Natasa Kandic, director of the Belgrade-based Humanitarian Law Fund, says the claims need to be tested and cleared up before the appointment is allowed to stand.


"It would be in the best interest of the state and of Colonel Stojanovic himself that his responsibility be determined by the competent state bodies," she said.


"The investigation should entail the interrogation of other witnesses mentioned as participants in the meeting at which Colonel Stojanovic allegedly issued orders to execute 'at least a hundred' Albanians and set fire to their homes in revenge for the murder of Milutin Prascevic, an interior ministry officer."


Stojanovic has denied the allegations. Meanwhile, the president of Serbia-Montenegro and chairman of the supreme defence council, Svetozar Marovic, and the defence minister, Boris Tadic, have pledged to investigate the claims.

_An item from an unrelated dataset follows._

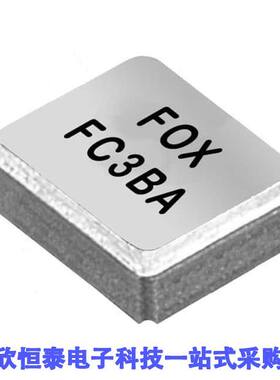 FC3BACBDI16.0-T3晶振 《 CRYSTAL 16MHZ 8PF SMD    》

A source from the Army of Serbia-Montenegro told IWPR that Stojanovic had the reputation of a capable professional who was close to Pavkovic.


A bitter political rival of the murdered Serbian prime minister, Zoran Djindjic, Kostunica ousted Pavkovic when he discovered the general had become close to the slain premier.


The same military source said Stojanovic was appointed head of the army security service as a temporary solution, with the prior approval of international organisations now assisting the reform of the Serbian-Montenegrin military.


"His task is to help get rid of the most controversial generals and lay the foundations in the army structures needed for the extradition of Mladic to the Hague tribunal," the source added.


This will not be easy. The military security service is seen as the most conservative section of the army and as an obstacle to cooperation with the tribunal. It has functioned as an influential alternative power centre within the armed forces and the state for years. Its members were usually more interested in ensuring the selection of officers who shared their politics than in protecting the military from foreign intelligence services.


This power centre, known for its anti-western and anti-Hague sentiment, has for the past three years been under the control of the conservative former Yugoslav president, Vojislav Kostunica.


Only after Kostunica left the political stage, following the formation of the new state of Serbia-Montenegro at the beginning of the year, did the military security service and the army come under the control of reform-minded elements in government.


Momir Stojanovic then replaced General Aco Tomic, who had close links to Kostunica, as new head of the former.


Tomic's name was linked to several political scandals, including the plan to storm the Serbian government’s communications bureau and the arrest of the deputy prime minister, Momcilo Perisic, along with a US diplomat.


During the police action after the murder of Zoran Djindjic, the police arrested Tomic on suspicion that he had ties with the Zemun gang alleged to have organised Djindjic's assassination.


"In its long history the military security service often infringed on the competencies of the other intelligence services," said Aleksandar Radic, an independent military analyst from Belgrade.


"It often permitted itself to intercept the chain of command and take part in armed conflicts. It was always much more influential then other centres of power."


Ljubodrag Stojadinovic, a military analyst from the daily newspaper Politika, told IWPR that that service "never exposed a single enemy of the army but was always searching for internal enemies - the most popular target in all communist countries".


Radic said placing the service under civilian control would not be sufficient to see through needed reforms, unless the entire work of the military security service was thoroughly examined at the same time. "Its future depends on the extent of this examination," he said.


The problem, according to analysts, is that it would be hard to find another man for the job who was not already compromised by involvement in corruption or war crimes - and who was also loyal to the new authorities.


The choice of Stojanovic looks like a temporary solution, therefore, for no Serbian politician will want to link his own political destiny for long with such a controversial army officer.